In fact, the South African Airways expects its fleet to be 50 percent powered by tobacco around 2023. That represents the consumption of 500 million liters of biofuel each year. One could write volumes on the positive environmental impact of this move.
As you enjoy your cigarettes, remember that you’re not just enriching that tobacco shop online. There's truly more to your cigarette than just the smoke.
Tobacco is much more than filler for cigarettes. If you buy tobacco online, you may have read that its applications go beyond current knowledge. Along with the producer plant, Nicotania, tobacco represents valuable tools for current and future advancement of different sectors within a country.
In the last ten years alone, tobacco research has engineered significant developments in biotechnology and plant science. Therefore, there is great enlightenment in scientific and agronomic subjects such as plant growth, genetics, plant pathology, nutrition, and plant growth.
However, research with tobacco plants has made immense contributions that surpass the field of agricultural science.
Tobacco is a mainstay in many bio-engineering pharmaceutical labs, as a basis for the production of a vast array of drugs and therapeutic agents. If you've ever heard the term "plant molecular farming," you are super-cool. For the uninformed, plant molecular farming is a fancy term focusing on the use of plants as incubators to produce proteins. These proteins have critical industrial and pharmaceutical applications, using recombinant DNA technologies.
These therapeutic products target conditions such as Alzheimer’s disease, cystic fibrosis, cancer, HIV/AIDS, diabetes, cancer, and Ebola. Research is actively going on to expand the exploitation of tobacco as a “biologic incubator” to produce vaccines.
A process that employs tobacco leaves to produce influenza vaccines has the potential to speed up vaccine manufacturing, once it is developed. It will also allow patients to discard strain-specific vaccines within a month.
Nicotania is of particular interest for so-called “green energy.” One particularly ambitious project is aiming to convert tobacco seeds into sustainable materials and energy. Varieties of tobacco may be selected and bred. They may also be genetically modified to enhance the quantity of oil within the seeds. The oil can be turned to and used as biofuel. Did you hear of the tobacco-powered plane that could soon take off from Cape Town and head for Johannesburg in South Africa?

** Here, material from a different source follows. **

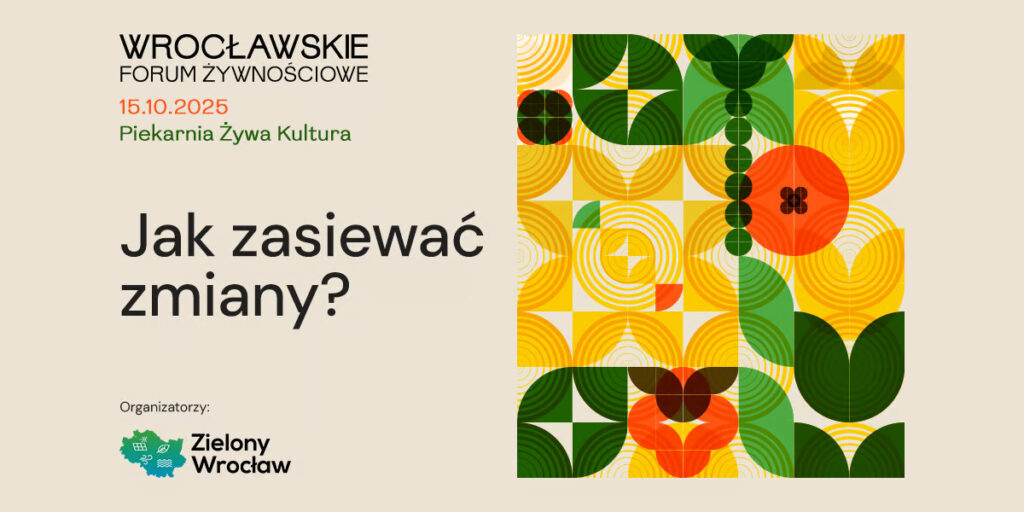Baner nagłówkowy wydarzenia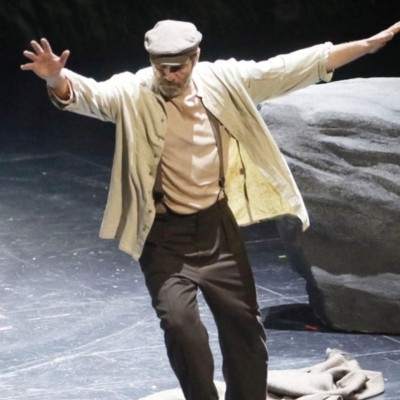 Η αφρόκρεμα του καλλιτεχνικού κόσμου στην πρεμιέρα του Στάνκογλου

In fact, the South African Airways expects its fleet to be 50 percent powered by tobacco around 2023. That represents the consumption of 500 million liters of biofuel each year. One could write volumes on the positive environmental impact of this move.
As you enjoy your cigarettes, remember that you’re not just enriching that tobacco shop online. There's truly more to your cigarette than just the smoke.